# HIS Radeon HD 7950 IceQ X² Boost 3 GB



## W1zzard (Nov 28, 2012)

The HIS Radeon HD 7950 IceQ X² Boost comes with a large overclock, which increases its out of the box performance to GTX 670 levels. Thanks to a large dual fan cooler we also see great temperature and massive overclocking potential: +20% real life performance from overclocking.

*Show full review*


----------



## BigBenn1 (Nov 28, 2012)

*Insane*

What a great card, but it looks like Newegg has it posted for a bit more than what HIS promised, no biggie though, since when O/C'd it kicks butt. Great review W1z.


----------



## BababooeyHTJ (Nov 29, 2012)

Wizz, could you dump that bios?


----------



## mascotzel (Nov 29, 2012)

Hello!
I like your VGA reviews, especially the noise section.
Could you make an effort and post in them also what manual software control of the cooling can do related to noise& temperature?
Your review tells us that this card is very noisy, and I would never buy something like that.
But if manual control would allow me to change to noise without screwing the temperatures much, that would be another thing.


----------



## Dice (Nov 29, 2012)

Great review as always! 
So does this board have unlocked voltage control and would it fit a water block?  Getting itchy upgrade finger but am concerned about getting a voltage locked card,  seems to go against the point of a wc setup..


----------



## N3M3515 (Nov 29, 2012)

This cardis right there with the gtx 670, amazing.


----------



## 3870x2 (Nov 29, 2012)

Couldn't agree more with a 9.2.  This card is nicely priced, looks and plays excellent.  I wonder what overclocks you could achieve if you didn't overclock the memory at all?


----------



## ErthWen (Nov 29, 2012)

W1zzard said:


> To read this review go to: http://www.techpowerup.com/reviews/H...7950_X2_Boost/





> NVIDIA: 306.23 WHQL
> ATI: Catalyst 12.8 WHQL
> ATI HD 7000: Catalyst 12.11 Beta



WTF?

Bl1zzard, are you serious? You are testing a set of graphic cards with a new and beta driver (AMD cards), but with the nvidia cards, otherwise, you are testing them with a old and obsolete WHQL driver (not the last one).

W1zzard, make a fair play with the test procedure. If a set of cards have a new and beta driver, then the other cards too.

The 306.23 nvidia driver is in the wild very much time (september).


----------



## eidairaman1 (Nov 29, 2012)

good card actually. bet a few have stronger OC for the ram


----------



## Casecutter (Nov 30, 2012)

ErthWen said:


> WTF?
> Bl1zzard, are you serious?
> The 306.23 nvidia driver is in the wild very much time (september).
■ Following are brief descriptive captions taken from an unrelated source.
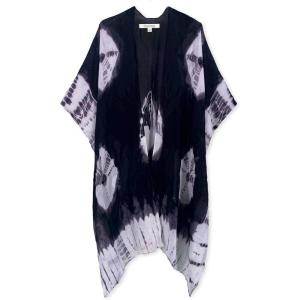 imageMoss Rose Womens Beach Cover up Swimsuit Kimono with Bohemian Floral Print Loose Casual Resort WearFa Black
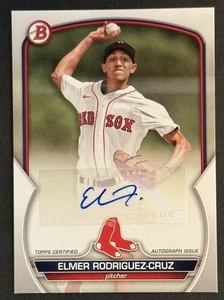 2023 Bowman Elmer Rodriguez-Cruz Autograph Auto #PPA-ER New York Yankees - Picture 1 of 2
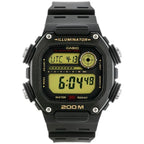 Casio DW-291H-9AVDF férfi digitális karóra, WR200, kvarc, fekete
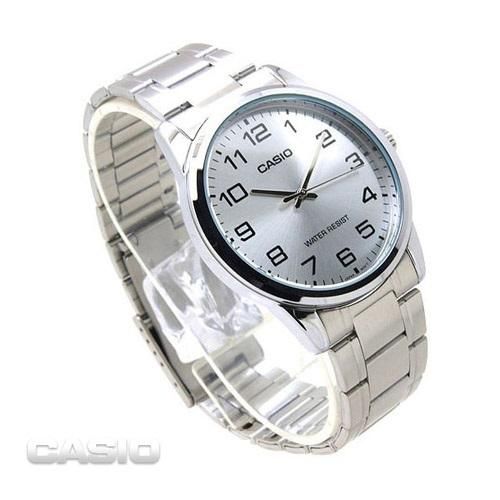 Casio Montre analogique mtp-v001d-7budf pour homme avec bracelet en acier inoxydable argenté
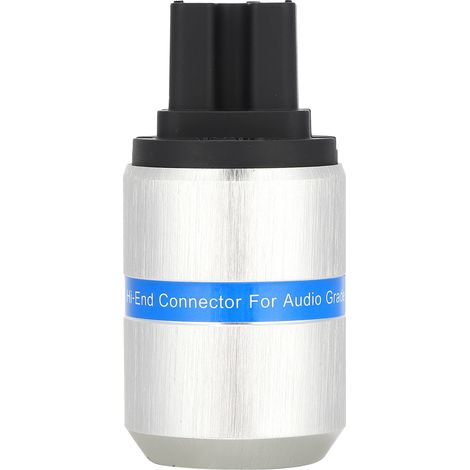 Fiche femelle IEC F106 en cuivre pur Monosaudio, connecteur d'alimentation 100-250V pour appareils audio et vidéo professionnels. (1/5)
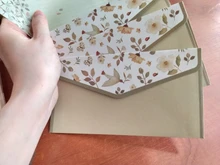 Sobres de papel de papelería para postales, sobres Vintage para invitaciones, regalos pequeños, Mini sobres de escritura bonitos, 9 unids/lote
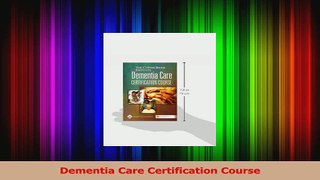 PDF Download  Dementia Care Certification Course Download Full Ebook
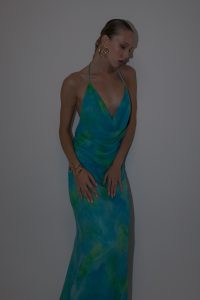 Irena Blue Floral Maxi Mermaid Dress - Image 7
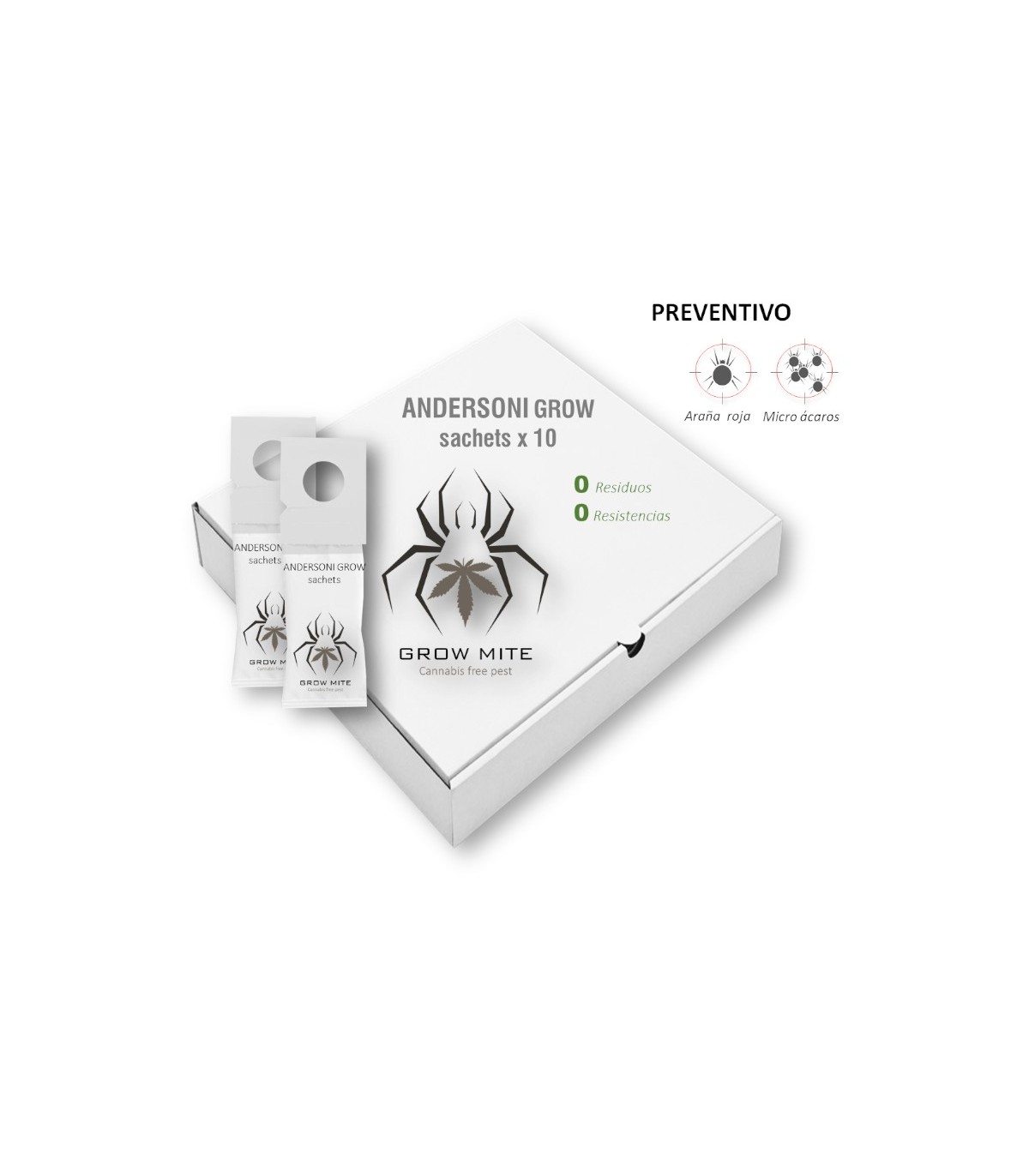 ANDERSONI GROW-BAGS preventivo araña roja y microácaro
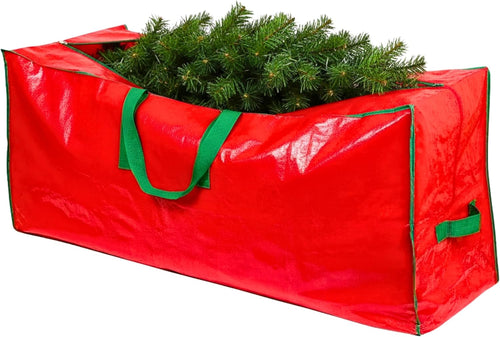 Christmas Tree Storage Bag - Stores up to 9 Foot Disassembled Artificial Xmas Tree, Durable Waterproof Material Zippered Storage Container with Carry Handles
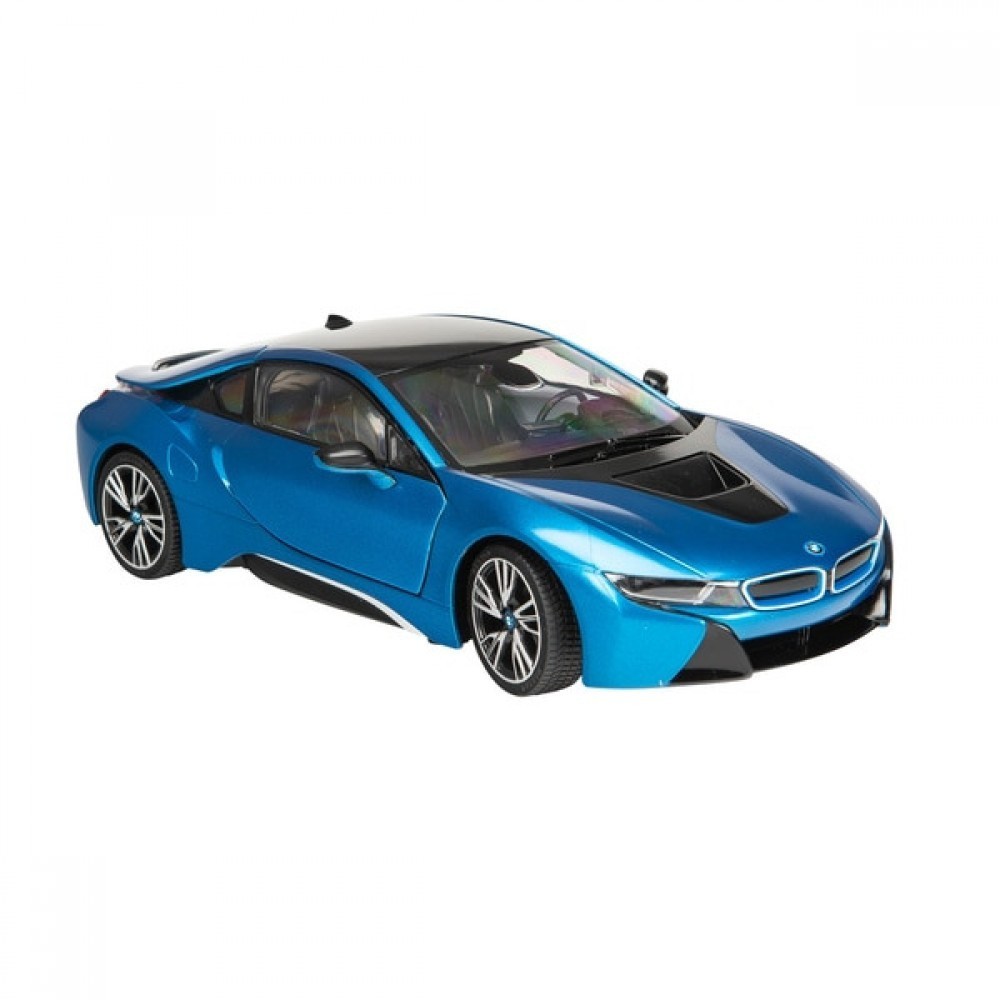 Push-button Control 1:14 BMW i8 along with USB charging cable television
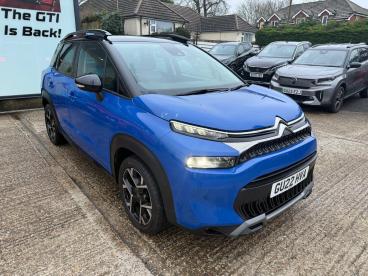 SPOTICAR Citroën C3 Aircross 1.2 Puretech Shine Plus Eat6 Euro 6 (s/s) 5dr Used Car - Suv Petrol Blue - Maidstone - 1200594261_1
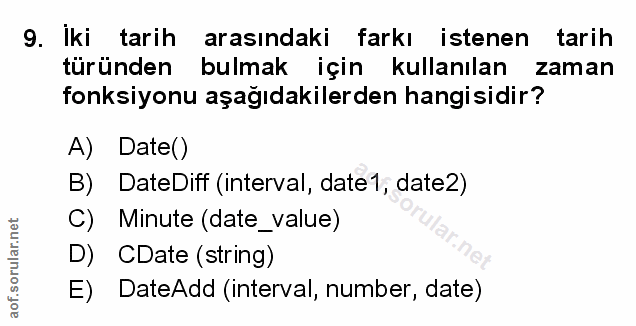 Soru 9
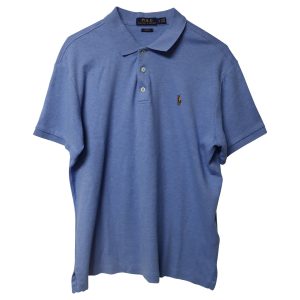 Ralph Lauren Poloshirt – schmale Passform, T-Shirt, Blau, Baumwolle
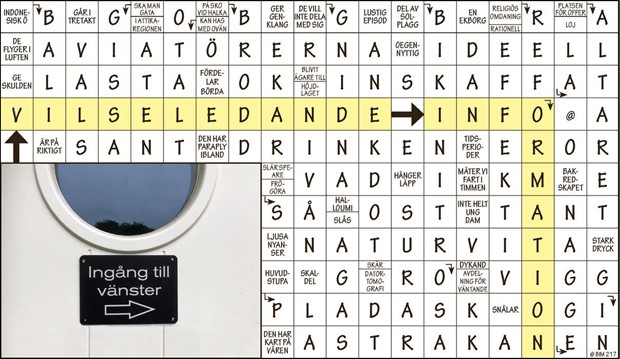 Krysset l�sning vecka 13, 2024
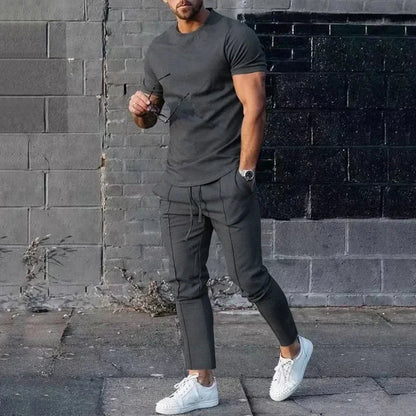 Herren Freizeitset T-Shirt Slim-Fit Joggerhose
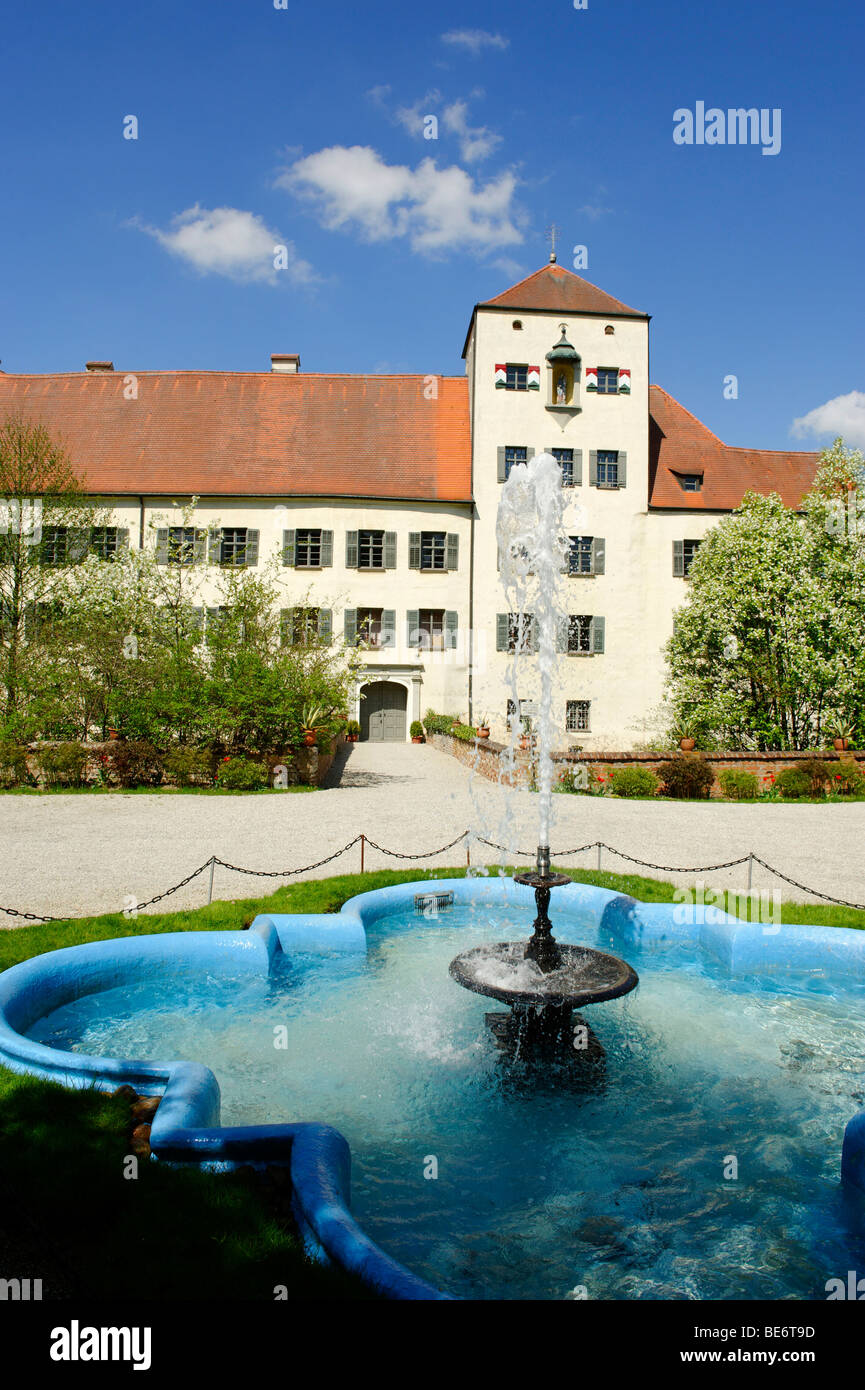 Upper castle of the German Reichsfreiherren von Closen, Arnstorf, Lower Bavaria, Bavaria, Germany, Europe Stock Photo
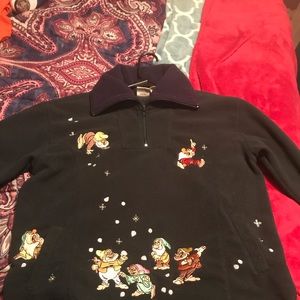 7 Dwarfs warm pull over quarter zip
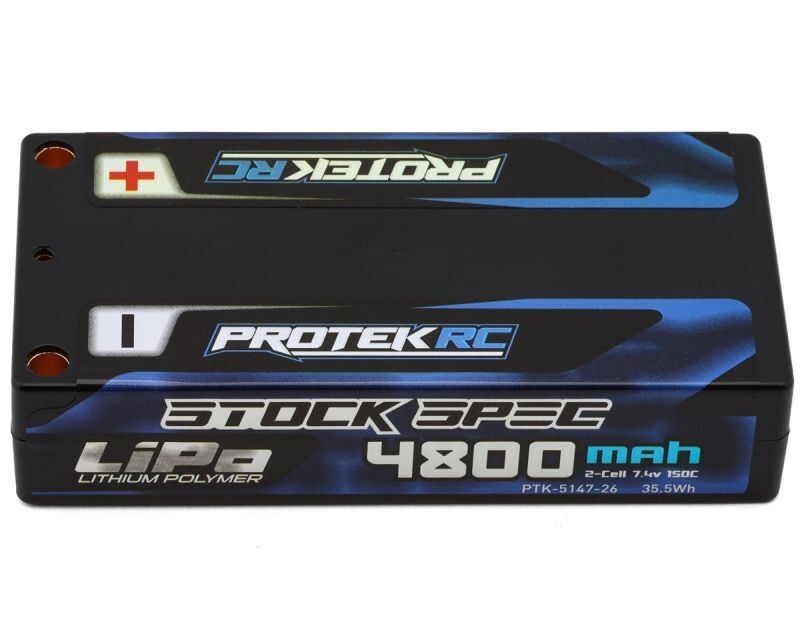ProTek RC (7.4V, 4800mAh, 95.3x46.9x21.2mm, 190g) 2S 150C LowIR Si-G LiPo LCG Shorty StockSpec / PTK-5147-26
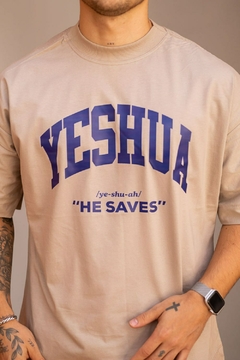 Camiseta Over - Yeshua he saves - comprar online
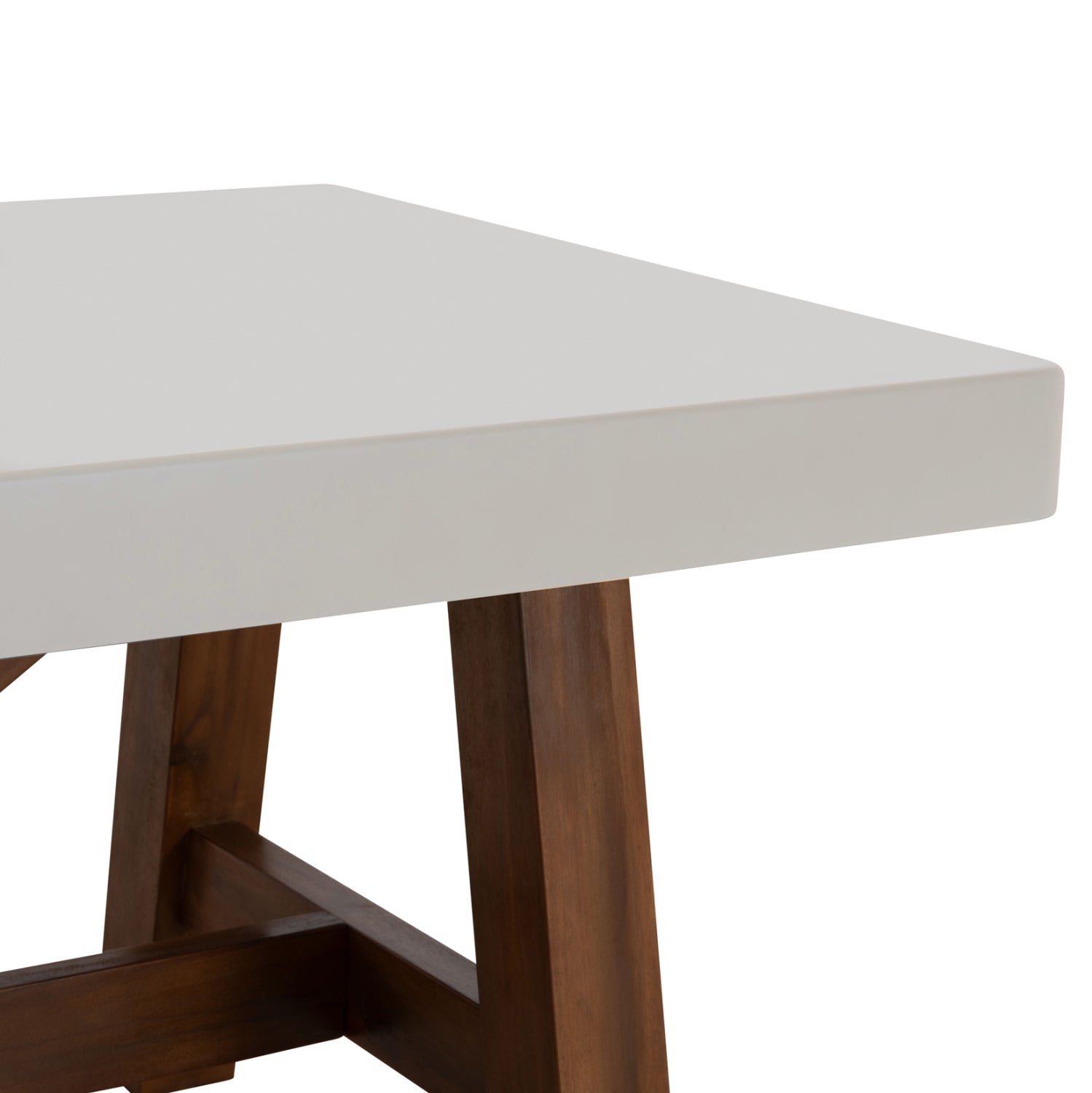 ΤΡΑΠΕΖΙ ΤΡΑΠΕΖΑΡΙΑΣ MAEVE HM6575.02 ΜΠΕΖ FIBER CEMENT--ΞΥΛΟ ΑΚΑΚΙΑΣ 200x100x75Υεκ - Pakobazaar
It hardly matters... even Steve Walton just compared the latest GeForce 310.61 update, against Catalyst 12.11 beta drivers and you can see the results.
http://www.techspot.com/review/603-best-graphics-cards/

On the first page Steve said "Around the same time, Nvidia released a new beta driver of its own (GeForce 310.33) which claimed modest gains for the GTX 680 and GTX 660 in several titles, and this driver has since been replaced by the GeForce 310.61 update, which made further performance enhancements. This is what we'll be testing today."

While in conclusion said... "At 1920x1200 the GeForce GTX 670 is 12% faster than _(referance)_ 7950, and just 2% faster than the 7950 with Boost _(almost indentical to W1zzards' here)_. However the GTX 670 is 27% more expensive than both cards, so whichever way you slice it the Radeon HD 7950 Boost is the better proposition and things just get worse for the GTX 670 as the resolution is increased."

Now I'm not defending W1zzard (while not a fan of Steve) but it takes a bunch of time to re-run all testing and collect date for minimal differences.  That said, I like to see after initial release reviews of a new series, which should show the new card as it sit in the past-present line up with the released drivers. Although when a card like this comes along I’d like to see just those cards in competition and in the current price structure.  I'd hope for a more of a concise snap-shot of the market today, but even that’s hard. 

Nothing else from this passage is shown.